Thoracic low grade glial neoplasm with concurrent H3 K27M and PTPN11 mutations.

We present the case of a 41-year-old man who developed worsening mid-thoracic back pain and imaging revealed a well-circumscribed intramedullary tumor in the thoracic spinal cord. Subtotal resection was performed, and histopathological analysis showed a cytologically bland, minimally proliferative glial neoplasm. Sequencing revealed H3 K27M and an activating PTPN11 mutation. Serial imaging revealed slow tumor regrowth over a three year period which prompted a second resection. The recurrent tumor displayed a similar low grade-appearing histology and harbored the same H3 K27M and PTPN11 mutations as the primary. While the prognostic importance of isolated H3 K27M in spinal gliomas is well-known, the combination of these two mutations in spinal low grade glioma has not been previously reported. Importantly, PTPN11 is a component of the MAPK signaling pathway. Thus, as building evidence shows that low grade-appearing gliomas harboring H3 K27M mutations along with BRAF or FGFR1 mutations have a relatively more favorable course compared to isolated H3 K27M-mutant midline gliomas, the present case provides new evidence for the prognostic importance of activating mutations in other components of the MAPK signaling pathway. This case further highlights the importance of clinico-radio-pathologic correlation when incorporating evolving genetic data into the integrated diagnosis of rare neuroepithelial tumors.

Introduction

Mutations in histone genes resulting in H3 K27M are recurrently found in diffuse midline gliomas (DMGs), which are aggressive, high grade glial neoplasms that most commonly occur in children. The defining mutations result in an amino acid change of lysine to methionine at the 28th amino acid (p.K28M) of H3.1 or H3.3 proteins, encoded by HIST1H3A and H3F3A genes, respectively. The epigenetic reprogramming as a result of these histone mutations are thought to promote oncogenesis [1]. These mutations are most commonly seen in diffuse midline gliomas of the brainstem, thalamus and spinal cord, and in this context their presence carries a poor prognosis [2].

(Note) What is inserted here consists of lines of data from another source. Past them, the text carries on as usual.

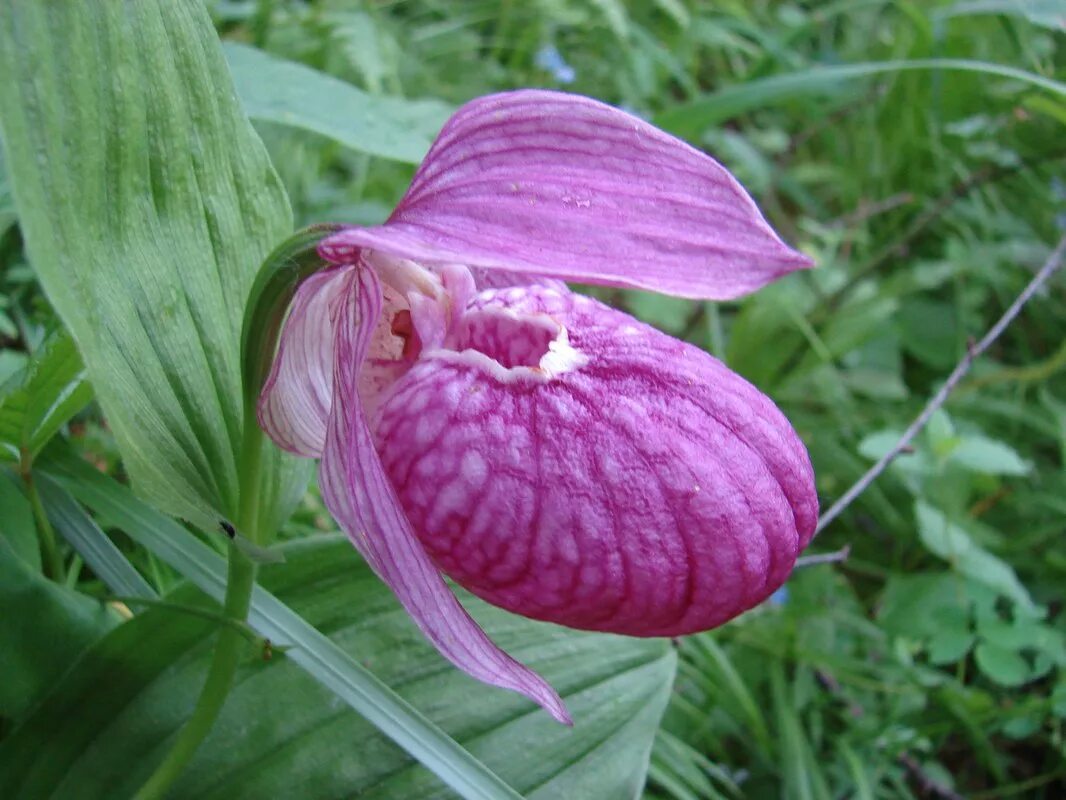 Лесная орхидея венерин башмачок. Кукушкин башмачок цветок. Кукушкин башмачок цветок. Лесная орхидея венерин башмачок. Кукушкины сапожки цветы.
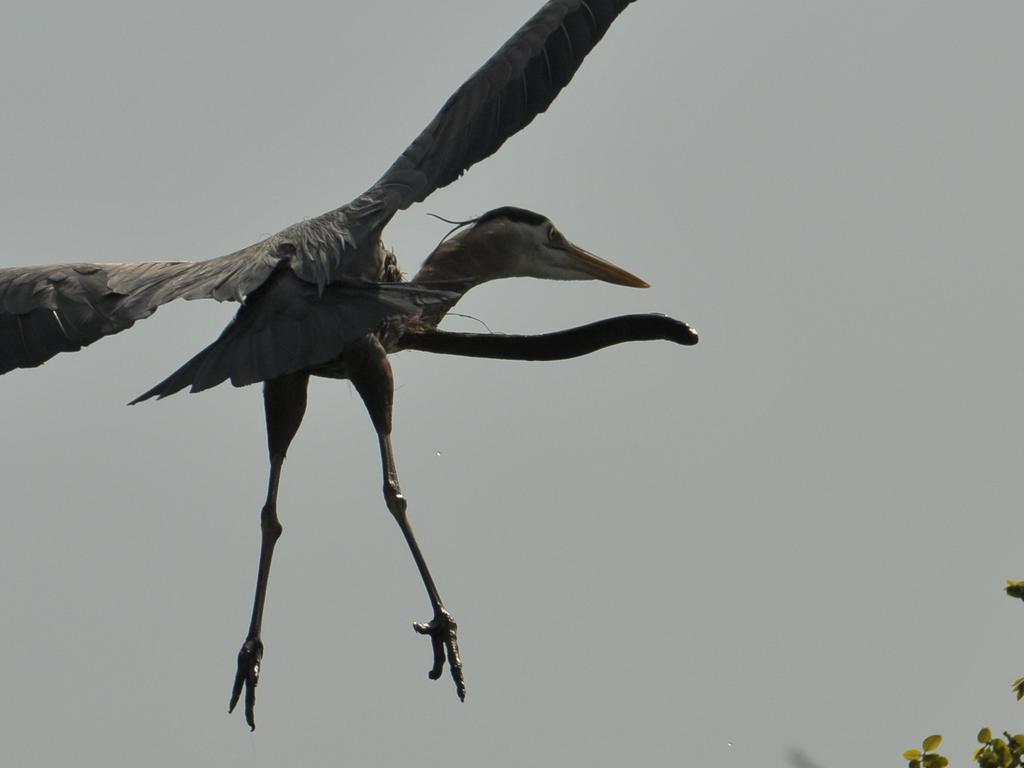 The eel burst out of the heron using its hard tip. Picture: Sam Davis/Jam Press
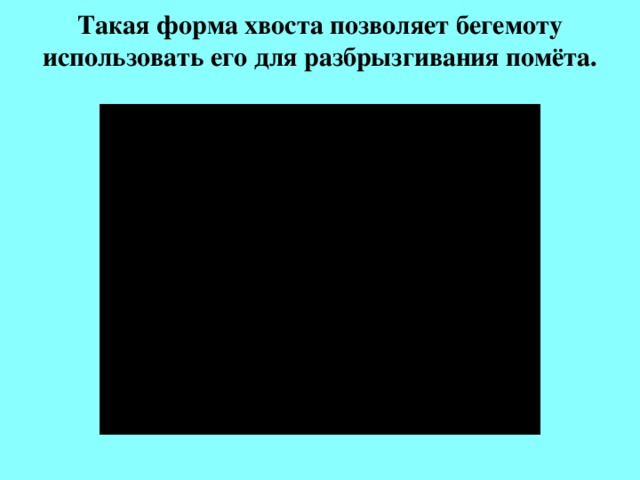 Такая форма хвоста позволяет бегемоту использовать его для разбрызгивания помёта.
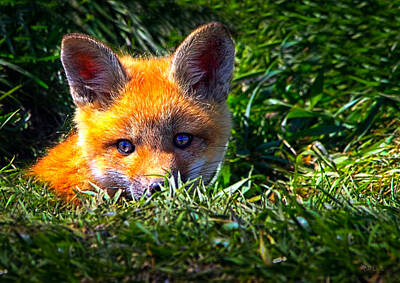 Mammals Photos - Little Red Fox by Bob Orsillo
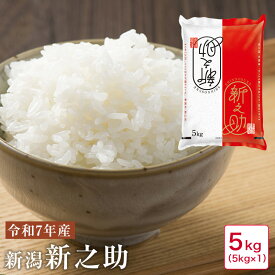 スーパーセール特別価格　米 5kg 令和7年産 新潟新之助5kg【50】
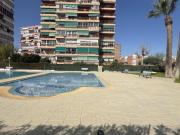 Apartamentos 3 Dormitorio Alacant Alacant ES89989034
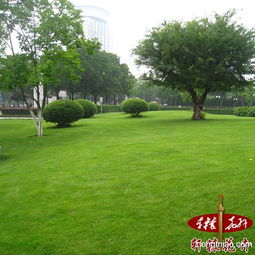 常用草坪和草花种子推荐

PTPN11 is a proto-oncogene tightly linked to regulation of the RAS/MAP-Kinase pathway. Germline mutations in this gene are seen in Noonan Syndrome, an autosomal dominant multiple congenital anomaly syndrome associated with a wide range of malignancies, including neuroblastoma and leukemias [3]. Somatic mutations in PTPN11 are linked to several solid tumors and hematologic malignancies [4]. While relatively rare, PTPN11 mutations have also been detected in a variety of neuroepithelial tumors, including glioblastoma, oligodendroglioma, pediatric low grade gliomas (LGG), and rosette-forming glioneuronal tumors [5-10].

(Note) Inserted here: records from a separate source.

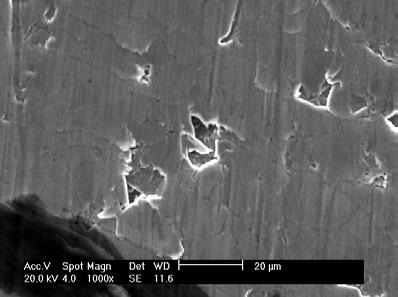 Microscopia Eletrônica de Varredura dos aços na condição lubrificada com a carga de 10N (0,18 MPa)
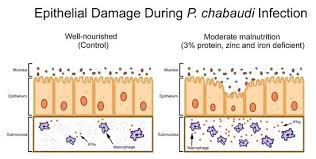 Attēlu rezultāti vaicājumam “Enteridium variabile plasmodium”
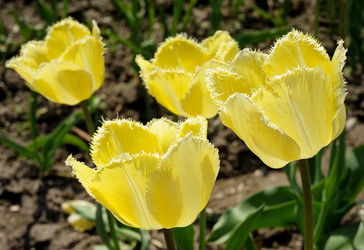 Similar image 2856596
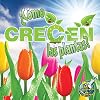 How Do Plants Grow? (My Science Library)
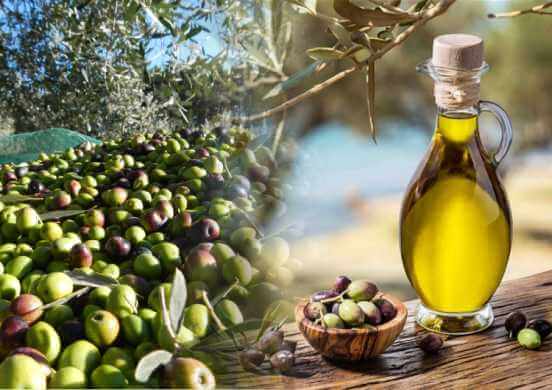 Оливковое масло для лица - как правильно использовать одно из лучших средств от морщин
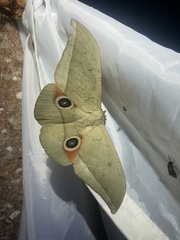 Lobobunaea melichari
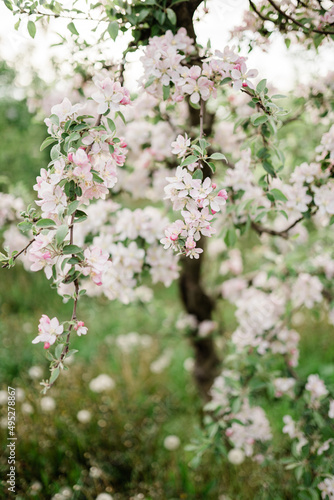 Spring Inspiration, nature in spring. Blooming apple tree at spring garden soft focus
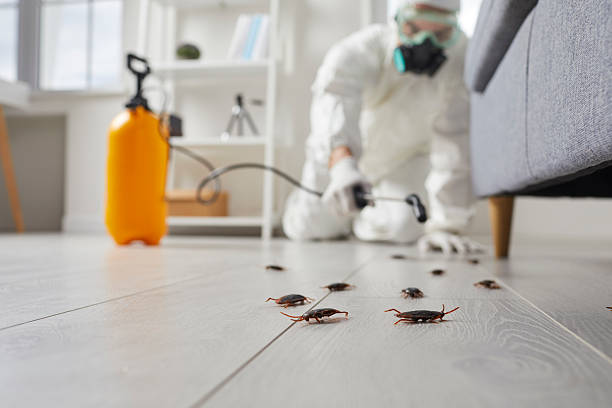 Commercial Rodent Management in Lake Waynoka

Here, we present a case of a 41-year-old male presenting with worsening mid-thoracic back pain, and diagnosed with a spinal neoplasm with low grade histopathological features and harboring both H3 K27M and PTPN11 mutations.

Case presentation

Initial presentation

The patient, a 41-year-old man, initially presented with a six-week history of worsening mid-thoracic back pain about 16 months after being involved in a motor vehicle accident as a pedestrian. At the time of the motor vehicle accident, a full skeletal survey demonstrated a non-displaced proximal fibular fracture, nasal bone fractures, bilateral thigh hematomas and nonspecific mildly enlarged lymph nodes. The patient reported no back pain at the time of the accident, and limited spinal imaging demonstrated no acute fracture or subluxation in the cervical spine. The patient left the hospital within one day and recuperated at home with the assistance of outpatient physical therapy.

At presentation, the patient described the back pain as constant, dull, and non-radiating, and worsened with prolonged sitting. The patient reported no weakness, numbness, tingling or other focal neurological deficit. While physical therapy along with cyclobenzaprine and meloxicam provided temporary relief, the pain recurred and worsened which prompted imaging. Thoracic MRI revealed a well-circumscribed expansile intramedullary thoracic cord lesion, extending from T8–9 to T10–11 and measuring 5.3 cm in largest diameter, with no clear evidence of cord edema or cystic component (Fig. 1a).

Fig. 1

Initial presentation and histopathology of primary resection. a, b Initial sagittal T2 MRI (a) and repeat study 5 months later (b). c, d Hematoxylin and eosin (H&E)-stained sections revealed a glial neoplasm characterized by foci of alternating cellularity (c) and moderate pleomorphism (d). e Relatively rare cells were highlighted with KI67 immunostain. f The nuclei of the tumor cells were diffusely positive for mutant histone protein H3 K27M by immunostaining (for all histology panels, scale bar = 100 µm)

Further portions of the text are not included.